Ministros Boulos e Guajajara em Ação com Indígenas
Na próxima segunda-feira, dia 23, os ministros Guilherme Boulos, que atua na Secretaria-Geral, e Sonia Guajajara, responsável pela pasta dos Povos Originários, receberão um grupo de indígenas do Baixo Tapajós, no Pará. O encontro ocorre após a invasão do terminal portuário da multinacional Cargill, localizado em Santarém (PA), como forma de protesto contra o decreto 12/600, assinado pelo presidente Lula. Esse decreto permite a privatização e a concessão de trechos estratégicos dos rios Tapajós, Tocantins e Madeira.
As lideranças indígenas, que alegam a falta de diálogo por parte do governo, afirmam que a ocupação do terminal foi uma medida necessária. A situação se torna mais tensa, pois a Justiça já determinou a reintegração do terminal, estipulando que a ocupação deve ser encerrada até a data do encontro com os ministros.
A mobilização é coordenada pelo Cita (Conselho Indígena Tapajós e Arapiuns), que representa 14 povos da região. De acordo com o conselho, a ação noturna aconteceu após “um mês completo de silêncio institucional e ausência de respostas concretas” por parte do governo. Os indígenas ressaltam que a decisão de ocupar o terminal não foi uma ação impulsiva ou violenta, mas resultado de uma construção coletiva de indignação em relação ao decreto assinado por Lula no dia 28 de agosto do ano passado.

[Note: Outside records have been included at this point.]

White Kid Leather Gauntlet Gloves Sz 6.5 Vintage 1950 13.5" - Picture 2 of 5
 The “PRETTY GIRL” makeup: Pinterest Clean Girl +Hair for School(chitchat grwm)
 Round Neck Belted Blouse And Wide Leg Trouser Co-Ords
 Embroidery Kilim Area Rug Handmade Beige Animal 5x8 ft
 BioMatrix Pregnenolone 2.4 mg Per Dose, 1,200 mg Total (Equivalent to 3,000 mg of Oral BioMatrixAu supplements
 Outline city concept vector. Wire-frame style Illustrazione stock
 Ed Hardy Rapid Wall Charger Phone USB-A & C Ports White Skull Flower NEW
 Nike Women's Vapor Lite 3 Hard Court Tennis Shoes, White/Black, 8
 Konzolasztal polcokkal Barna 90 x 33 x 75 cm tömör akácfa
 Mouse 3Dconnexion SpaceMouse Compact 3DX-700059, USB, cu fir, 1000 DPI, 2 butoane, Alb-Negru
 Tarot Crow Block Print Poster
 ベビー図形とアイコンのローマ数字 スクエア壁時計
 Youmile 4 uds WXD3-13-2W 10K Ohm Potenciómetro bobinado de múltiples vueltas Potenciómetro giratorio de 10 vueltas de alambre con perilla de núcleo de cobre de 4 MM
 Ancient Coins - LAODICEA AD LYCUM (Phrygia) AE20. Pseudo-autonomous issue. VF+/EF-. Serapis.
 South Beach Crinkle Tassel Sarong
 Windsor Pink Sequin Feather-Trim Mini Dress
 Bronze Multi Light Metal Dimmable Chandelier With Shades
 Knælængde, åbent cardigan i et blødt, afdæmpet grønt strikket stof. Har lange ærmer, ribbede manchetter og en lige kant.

Eles afirmam que a invasão serve para defender “o direito de existir”.
Motivos e Desdobramentos da Ocupação
A ação de ocupar o terminal está intimamente ligada à ordem de desocupação expedida pela Justiça. Para conter os indígenas, uma operação policial foi mobilizada, com um prazo de 48 horas para que a desocupação fosse realizada, a contar da notificação recebida. Os indígenas foram informados sobre a ordem por um oficial de justiça às 8h da última sexta-feira, dia 20.
A manifestação é emblemática, pois reflete a luta contínua dos povos indígenas por seus direitos e pela preservação de seus territórios, especialmente em um cenário de crescente privatização e exploração de recursos naturais. Os líderes indígenas esperam que a reunião com os ministros traga a oportunidade de reverter a situação e abrir um canal de diálogo efetivo com o governo federal.
Este episódio não é isolado. Nos últimos anos, diversos movimentos indígenas têm se mobilizado para contestar decisões governamentais que impactam suas comunidades e modos de vida. Assim como em outras circunstâncias, como a luta contra a construção de hidrelétricas e a exploração de petróleo em terras indígenas, o atual protesto destaca a urgência de um diálogo verdadeiro entre o governo e os povos originários.